──────── DATA FOR THIS EXERCISE

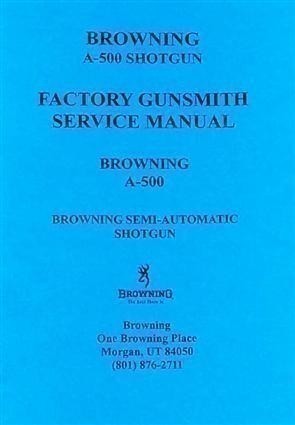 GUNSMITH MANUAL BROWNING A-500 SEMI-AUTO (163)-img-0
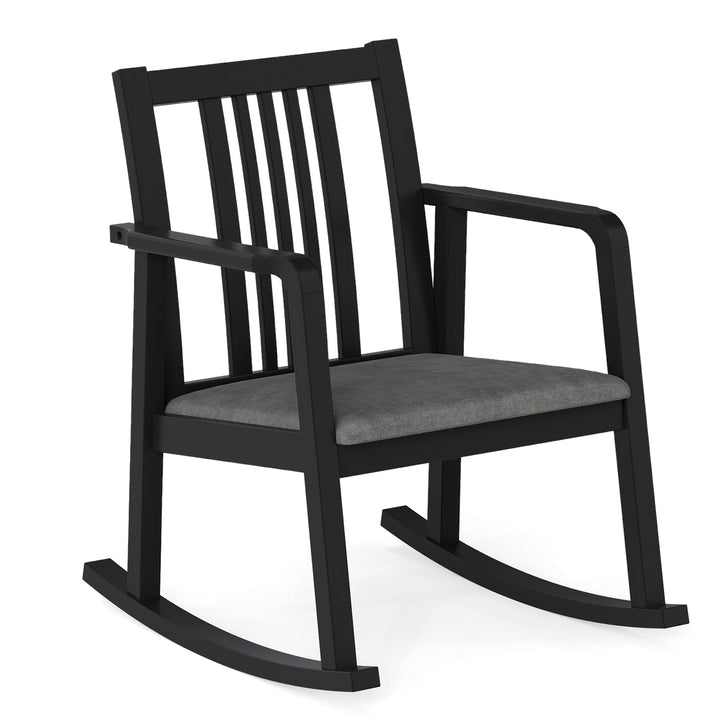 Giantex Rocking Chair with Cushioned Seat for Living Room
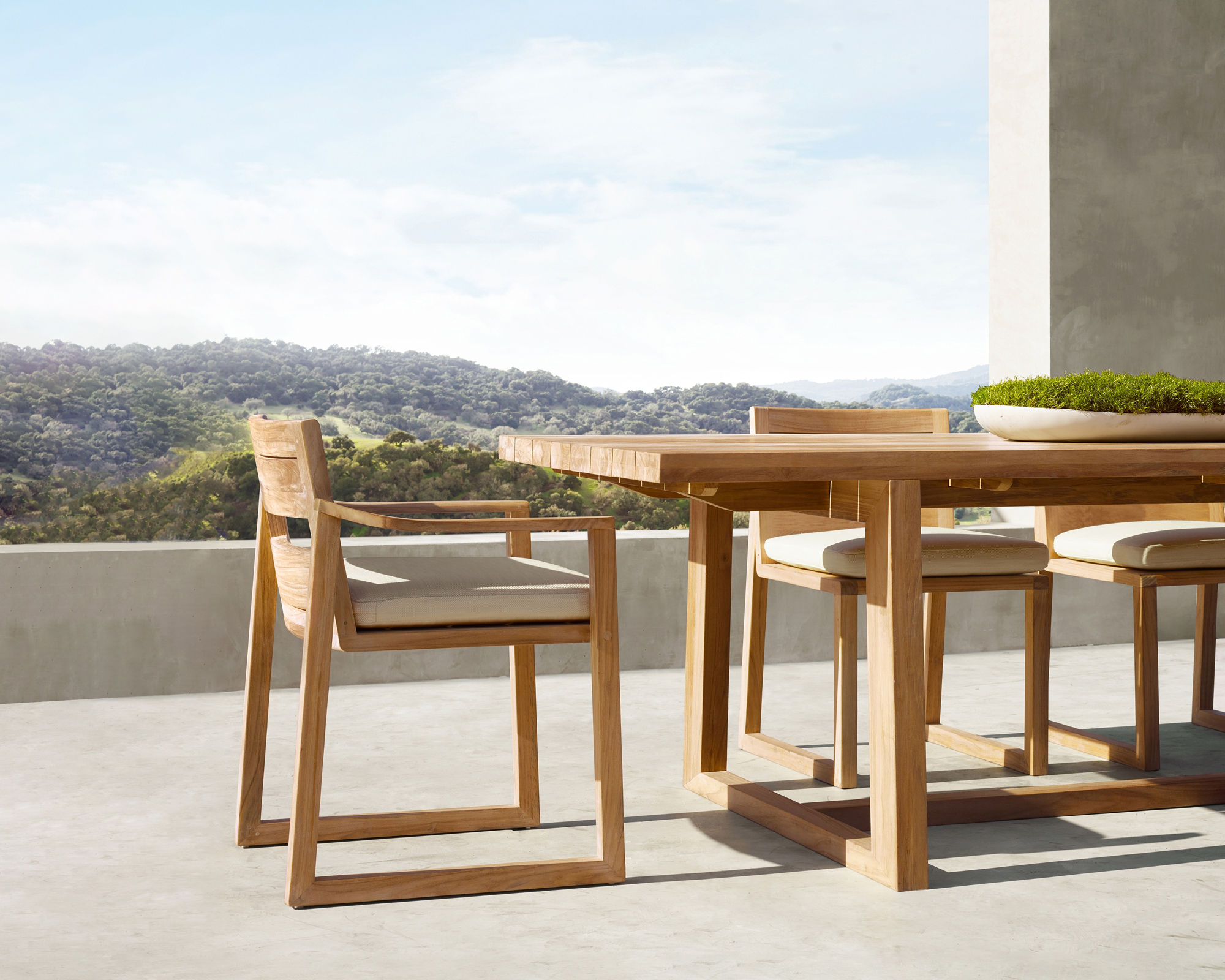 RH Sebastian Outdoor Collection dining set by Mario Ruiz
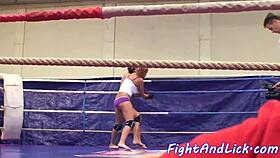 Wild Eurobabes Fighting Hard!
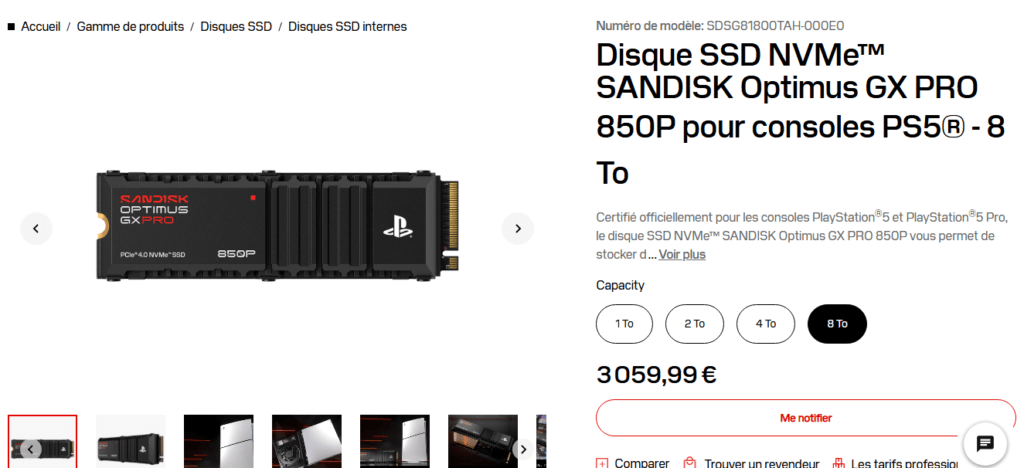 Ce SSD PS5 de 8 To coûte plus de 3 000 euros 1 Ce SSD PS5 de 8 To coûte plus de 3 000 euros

────────────────

[WHAT TO WORK ON] Retype the lines starting with the one that holds "Wild Eurobabes Fighting Hard!" and ending with the last line of the data above, both included; skip the pictures.

[RESPONSE]
 Wild Eurobabes Fighting Hard!
 Ce SSD PS5 de 8 To coûte plus de 3 000 euros 1 Ce SSD PS5 de 8 To coûte plus de 3 000 euros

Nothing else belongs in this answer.